Exercise requirements: Write out, with no changes, every line starting at the one that contains "Now you'll see" and ending at the last line of the data below. Leave pictures out.

Provided data:
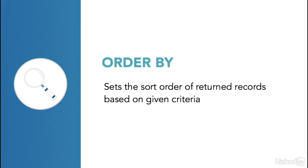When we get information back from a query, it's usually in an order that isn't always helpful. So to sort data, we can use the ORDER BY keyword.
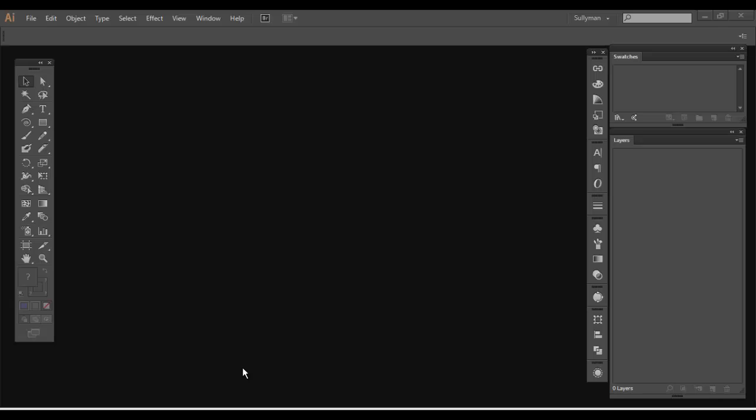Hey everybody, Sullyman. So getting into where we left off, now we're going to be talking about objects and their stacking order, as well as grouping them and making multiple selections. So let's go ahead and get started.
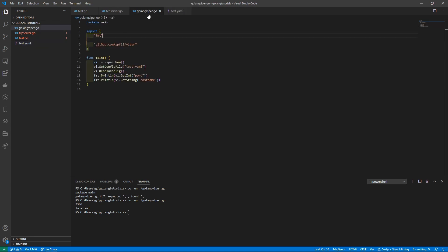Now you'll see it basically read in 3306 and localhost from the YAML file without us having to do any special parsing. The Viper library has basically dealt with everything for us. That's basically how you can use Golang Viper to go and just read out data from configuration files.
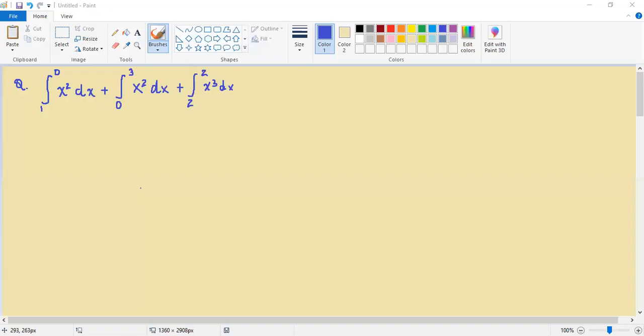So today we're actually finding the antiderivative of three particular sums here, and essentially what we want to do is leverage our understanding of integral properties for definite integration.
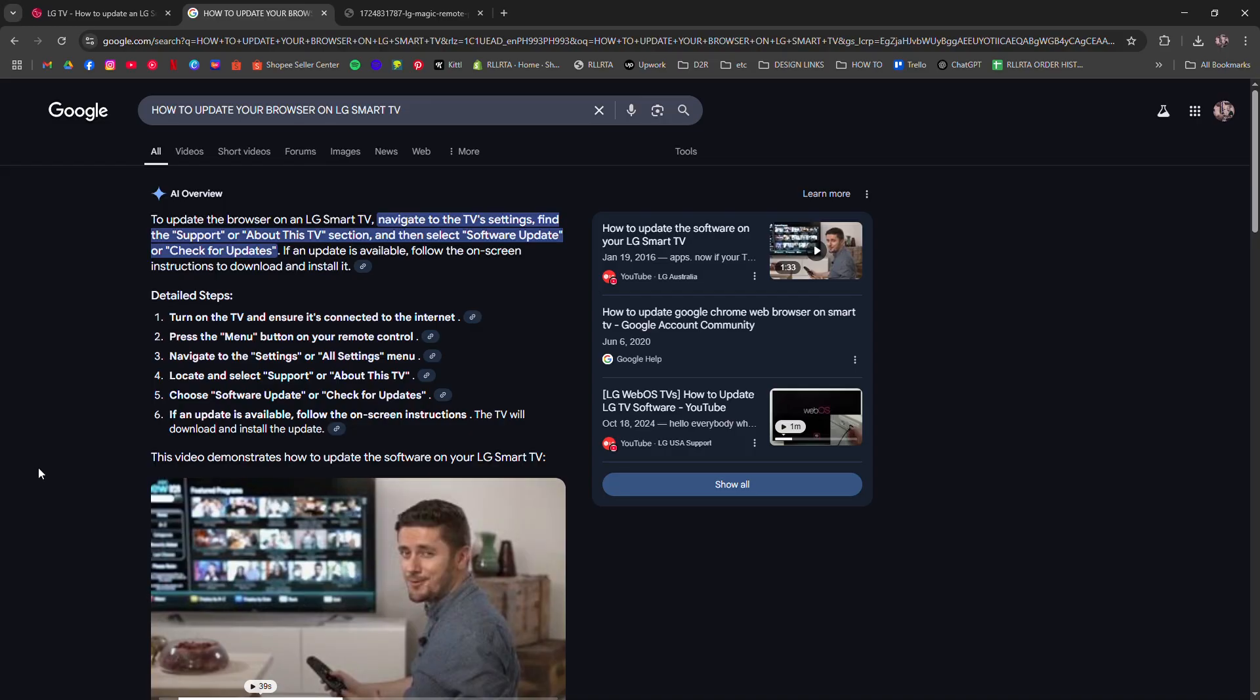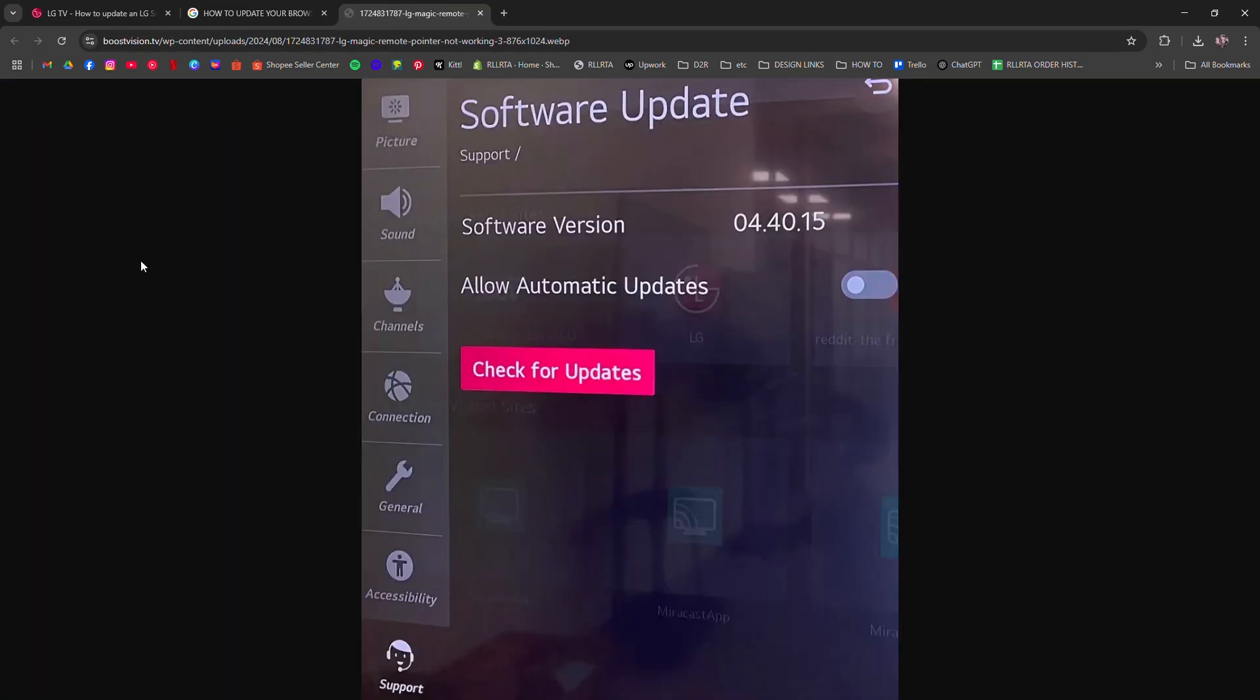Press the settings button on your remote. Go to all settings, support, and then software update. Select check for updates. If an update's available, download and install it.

Solution to this task:
Now you'll see it basically read in 3306 and localhost from the YAML file without us having to do any special parsing. The Viper library has basically dealt with everything for us. That's basically how you can use Golang Viper to go and just read out data from configuration files.
So today we're actually finding the antiderivative of three particular sums here, and essentially what we want to do is leverage our understanding of integral properties for definite integration.
Press the settings button on your remote. Go to all settings, support, and then software update. Select check for updates. If an update's available, download and install it.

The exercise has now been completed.